Title ::= Action (Program ("on the" Computer | "on" Os | "on the" Computer "and" Os) | Os "on the" Computer);

Action ::= "Installing" | "Test drive:" | "Upgrading" | "Quick Test:";

Program := Prefix ^ Suffix ["V." ^] Version [^ "." ^ Release ] [Beta];
Prefix ::= "Fire" | "Jar" | "Thunder" | "Hot" | "Spicy" | "Sea" | "K" | "G" | "Gnu";
Suffix ::= "bird" | "fox" | "dog" | "monkey" | "write" | "calc" | "show";

Version ::= Number;
Release ::= Number;
Beta ::= "Alpha" [^ SmallNumber] | "Beta" [^ SmallNumber] | "M" ^ SmallNumber | "Milestone" SmallNumber;

Number ::= 1 | 2 | 3 | 4 | 5 | 6 | 7 | 8 | 9 | 10 | 11 | 12;
SmallNumber ::= 1 | 2 | 3;

Computer := "EEEPC 900" | "Sempron 2400" | "PIII 550";

Os := OsName (OsVersion | OsNumber) [["GNU/" ^] "Linux"];
OsName ::= ("U" | "Ku" | "Xu" | "Edu" | "Any" | "Some") ^ "buntu" | "Debian" | "Puppy";
OsVersion ::= Adjective Animal;
Adjective ::= "Alien" | "Breezy" | "Dodgy" | "Easy" | "Filthy" | "Gritty" | "Healthy";
Animal ::= "Albatross"| "Bear" | "Cat" | "Dog" ;
OsNumber ::= Number [^ "." ^ Number];

Tags ::= ["Linux," ] (Os ^ "," | OsName ^ ",") Computer ^ "," Program;

Body ::= _;

I ::= "musante.i.ph post title generator by MM";

Conclusions

Will my next post be “Installing Thunderwrite 2.1 on the EEEPC 900 and Kubuntu Healthy Bear ”? I hope not!

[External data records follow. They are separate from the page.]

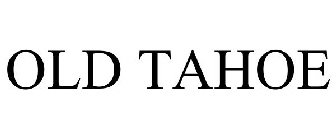 OLD TAHOE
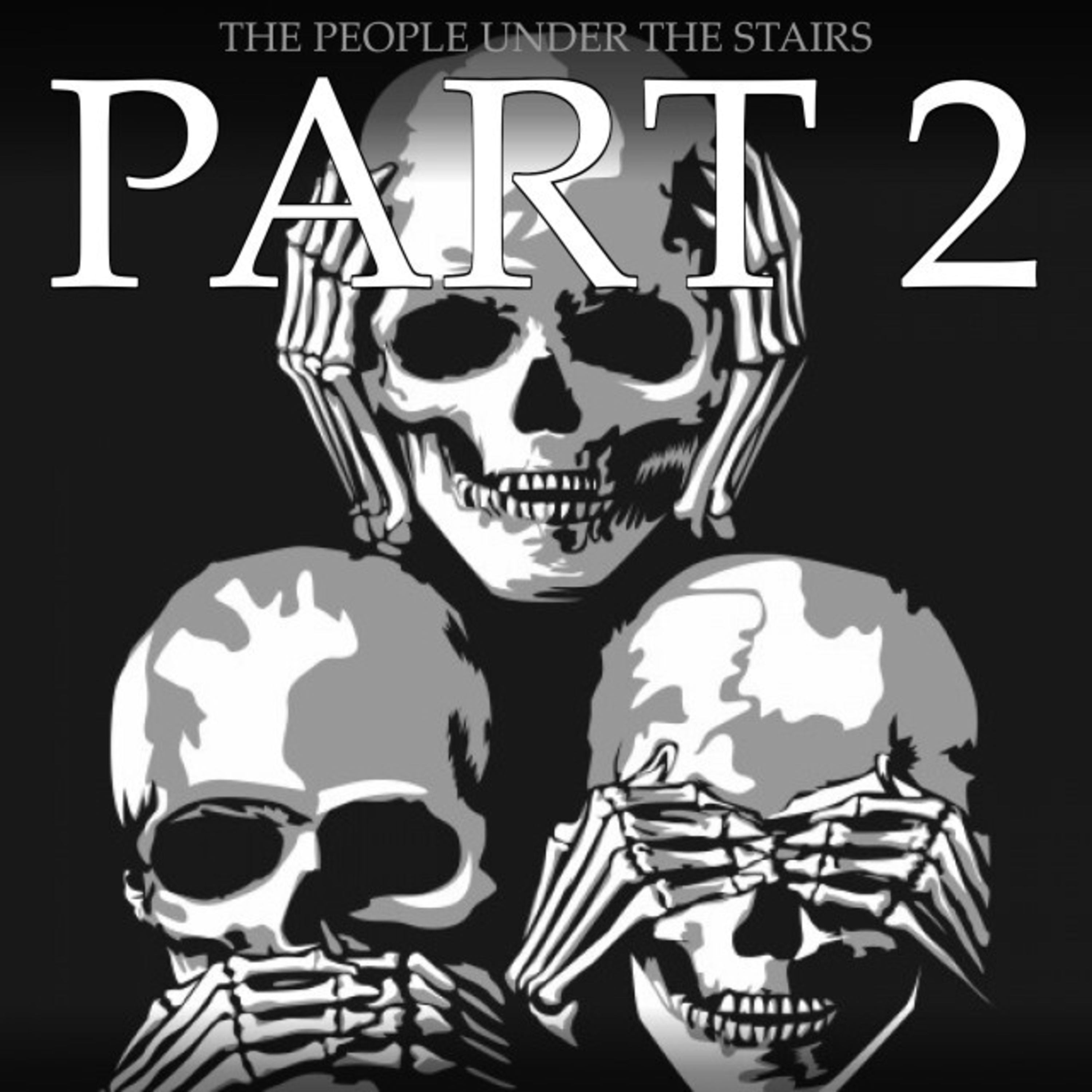 Fool Me Twice: My Idea For The People Under The Stairs 2 episode artwork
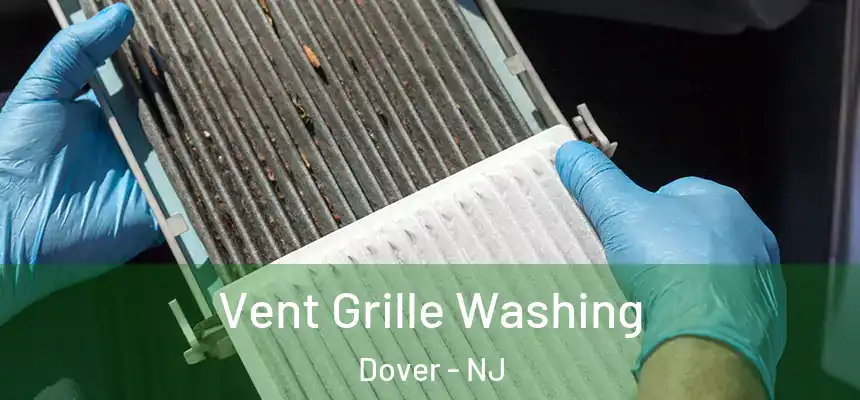Vent Grille Washing Dover - NJ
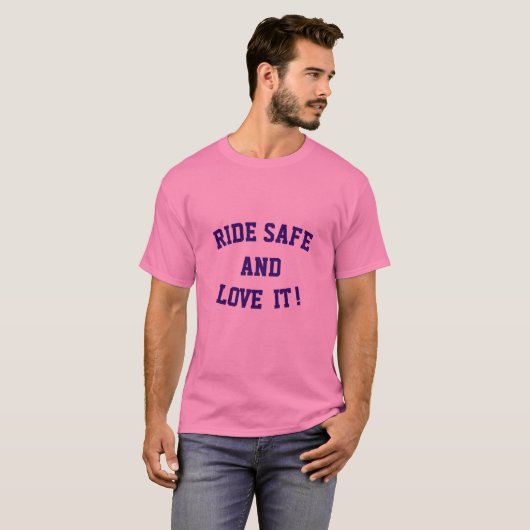 Ride Safe and Love IT shirt (Voorkant volledig)
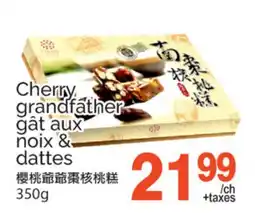 T&T Supermarket Cherry grandfather gât aux noix & dattes offer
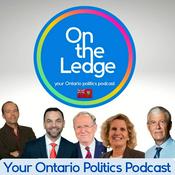 Podcast On The Ledge - your Ontario politics podcast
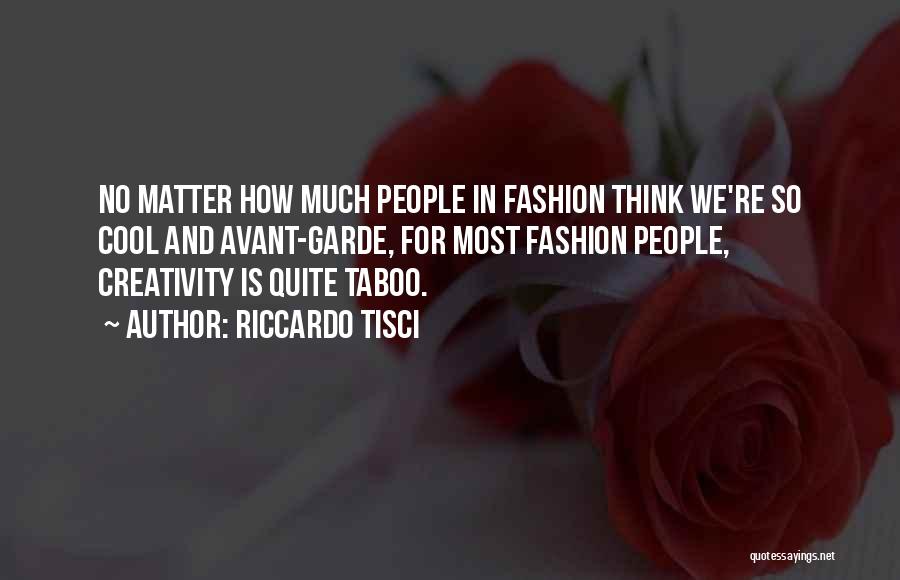 Riccardo Tisci Quotes: No Matter How Much People In Fashion Think We're So Cool And Avant-garde, For Most Fashion People, Creativity Is Quite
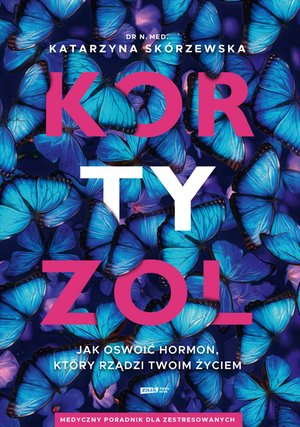 Kortyzol. Jak oswoić hormon, który rządzi twoim życiem – ebook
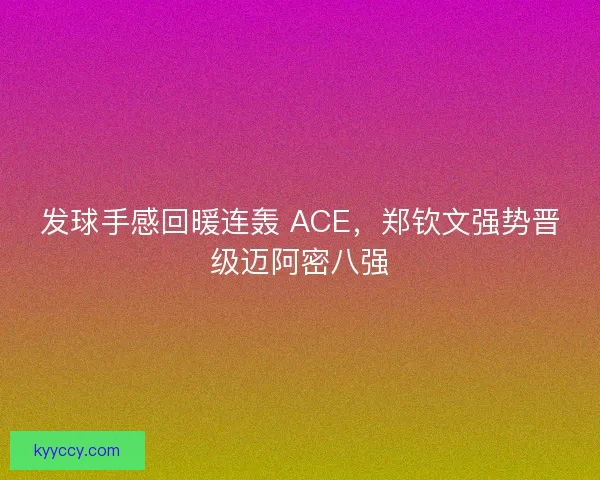 发球手感回暖连轰 ACE，郑钦文强势晋级迈阿密八强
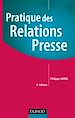 Téléchargez le livre numérique:  Pratique des relations presse - 4ème édition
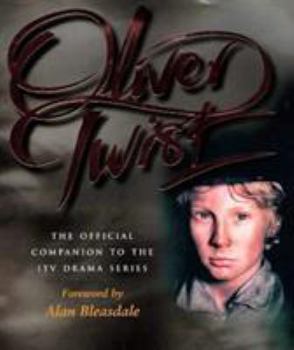 Hardcover Oliver Twist: The Official Companion Book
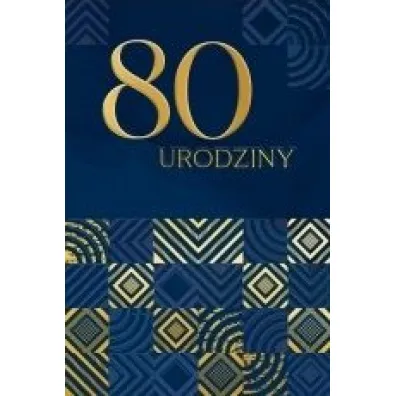 Karnet B6 LUX 80 urodziny, granatowe - Dl Kk
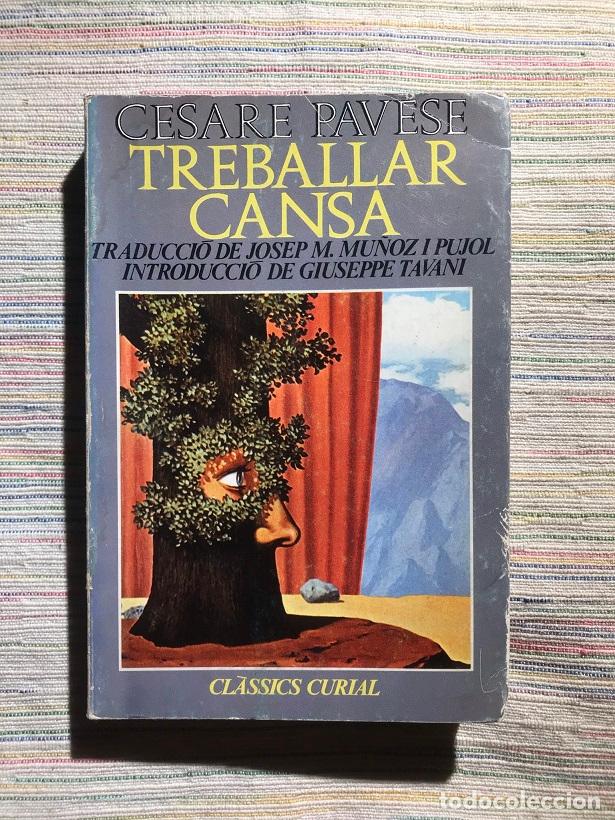 Libros: Treballar cansa - Cesare Pavese - Foto 1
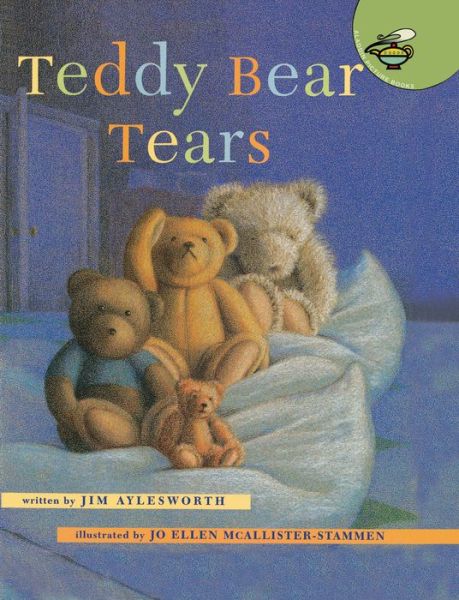 Cover for Jim Aylesworth · Teddy Bear Tears (Paperback Book) (2000)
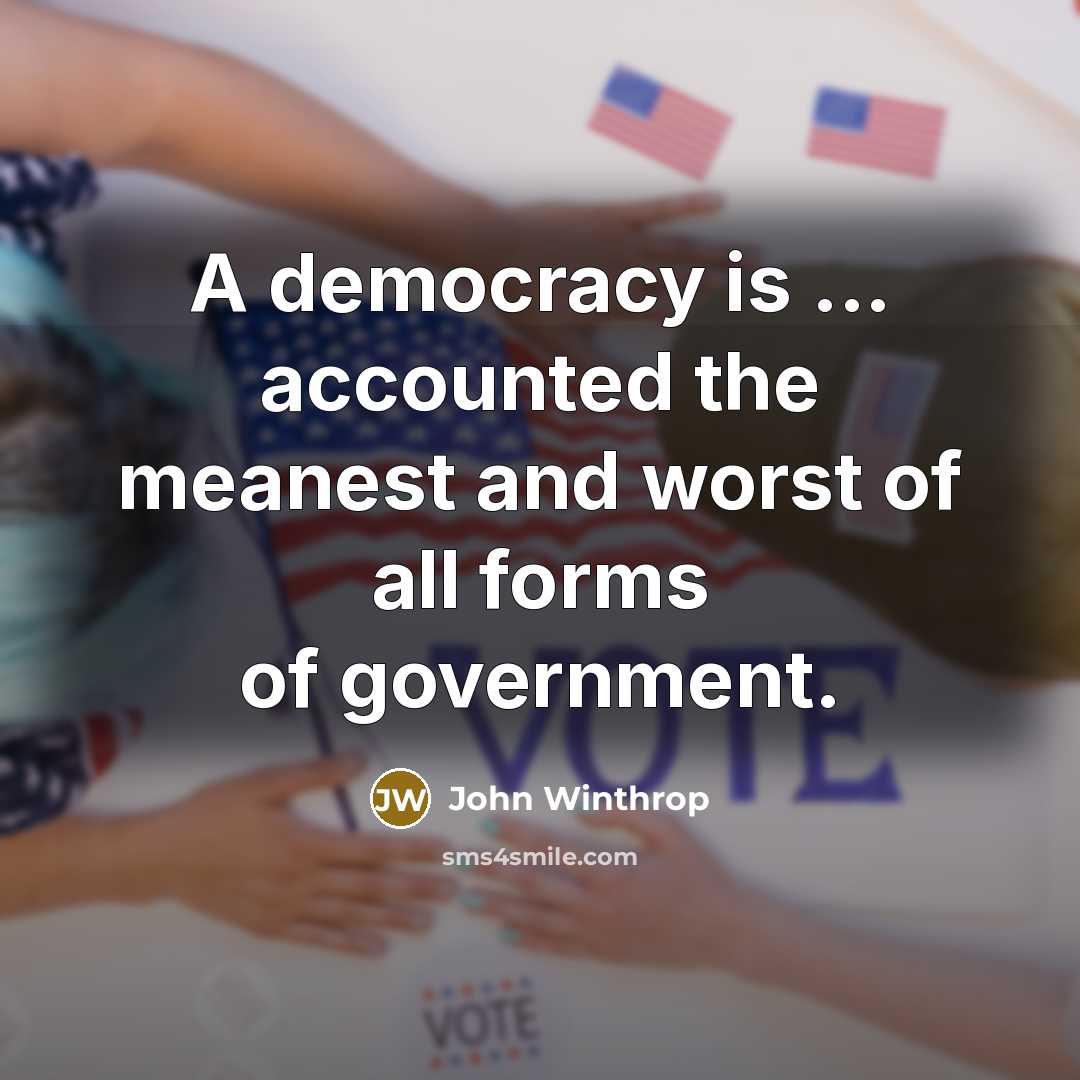 “A democracy is ... accounted the meanest and worst of…” quote by John Winthrop
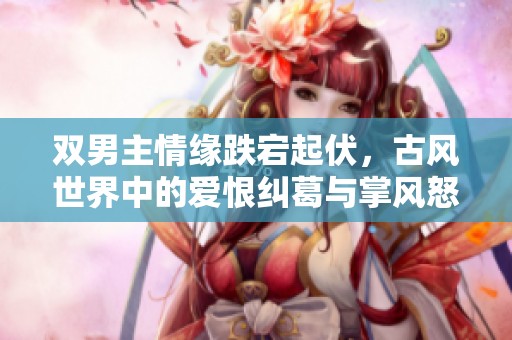 双男主情缘跌宕起伏，古风世界中的爱恨纠葛与掌风怒潮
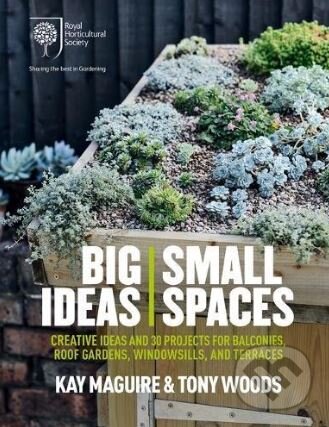 Levně Big Ideas, Small Spaces (Creative Ideas and 30 Projects for Balconies, Roof Gardens, Windowsills and Terraces) - kniha z kategorie Dom, byt a záhrada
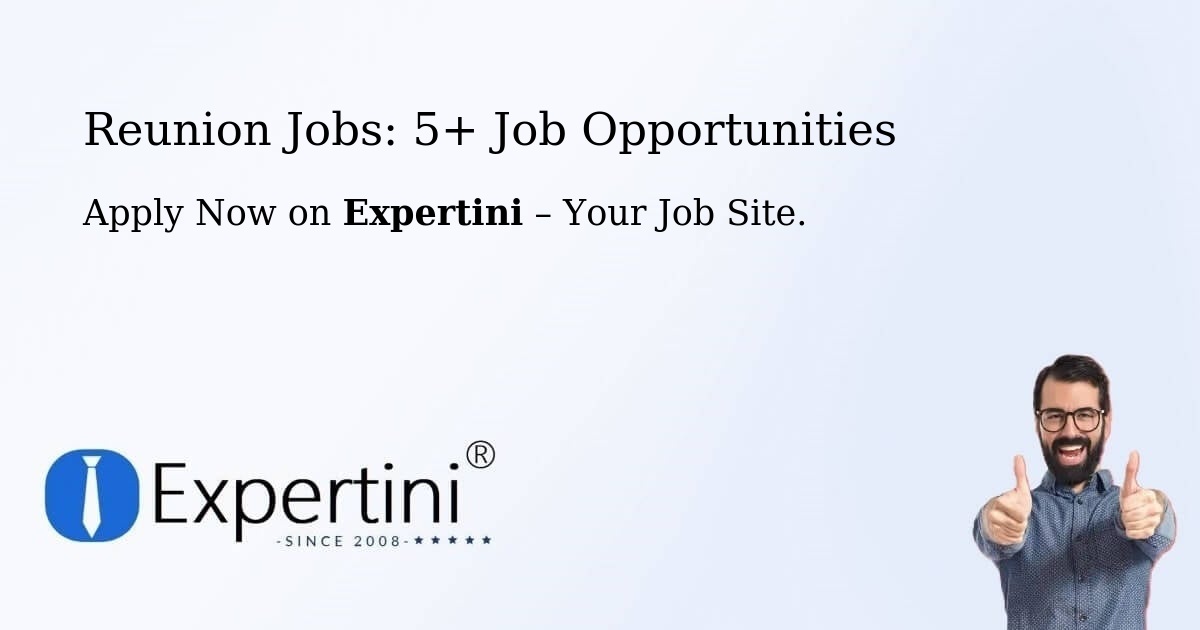 Reunion Jobs: 5+ Job Opportunities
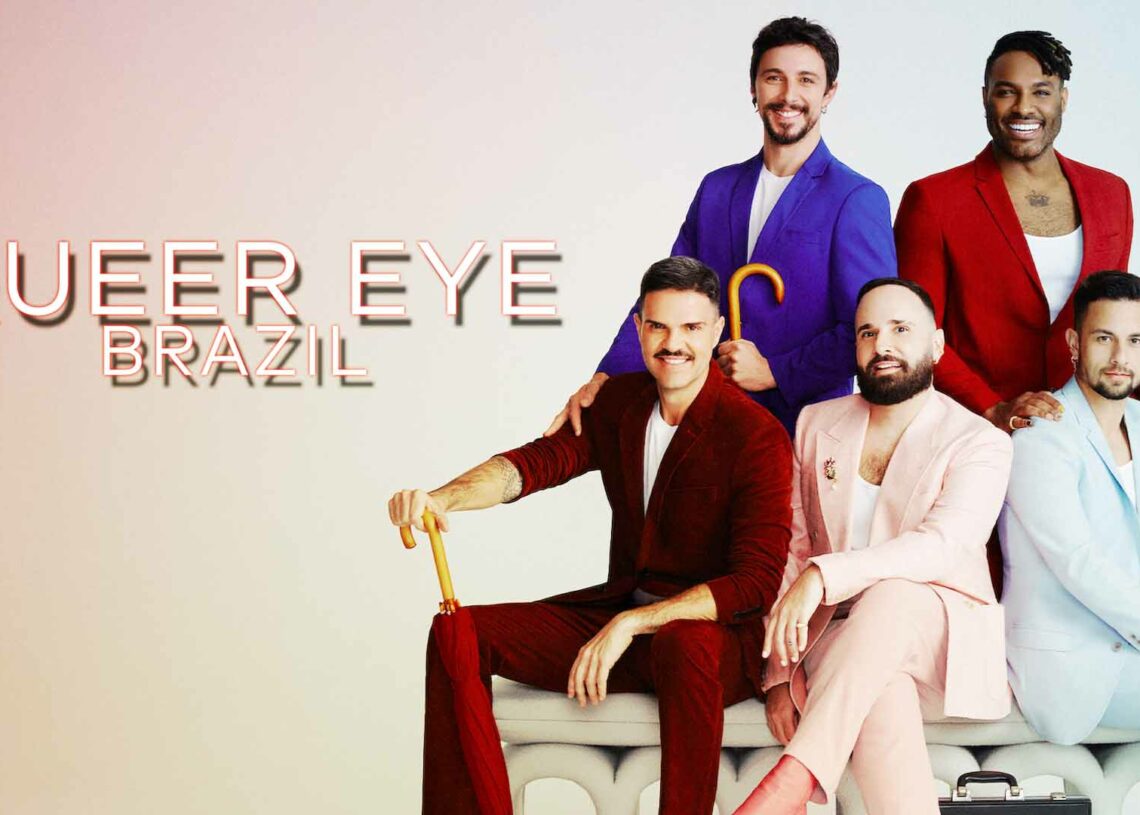 Queer Eye Brazil Release Date Cast Plotdaily Research Plot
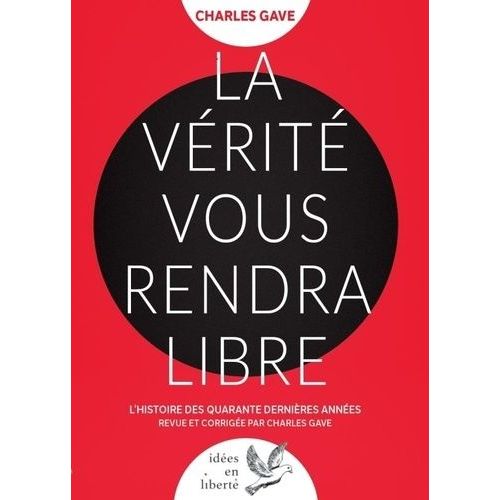 La Vérité Vous Rendra Libres - L'histoire Des Quarante Dernières Années Revue Et Corrigée Par Charles Gave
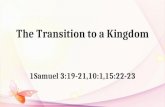 The Transition to a Kingdom 1Samuel 3:19-21,10:1,15:22-23.
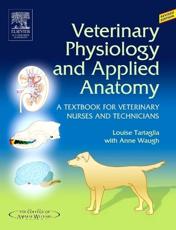 Veterinary Physiology and Applied Anatomy - Revised Reprint: A Textbook for Veterinary Nurses and Technicians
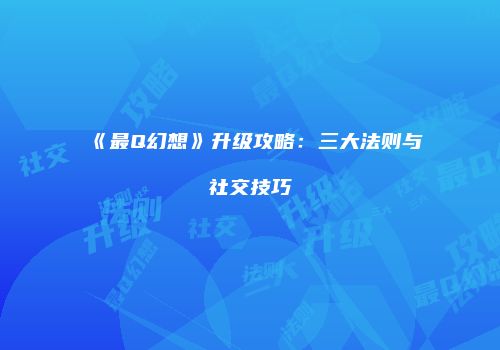 《最Q幻想》升级攻略：三大法则与社交技巧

Polygen is just a toy, a uncommon way to have some fun with a computer (without the need of the latest graphic card). I don't know if I'll ever complete this grammar, writing a full post generator is a big task and even the title isn't complete yet (the “adjective+animal” couple, for example should give results with the same initials like “Alien Albatross”). I just hope you enjoyed the break in the “Test Drive:” chain!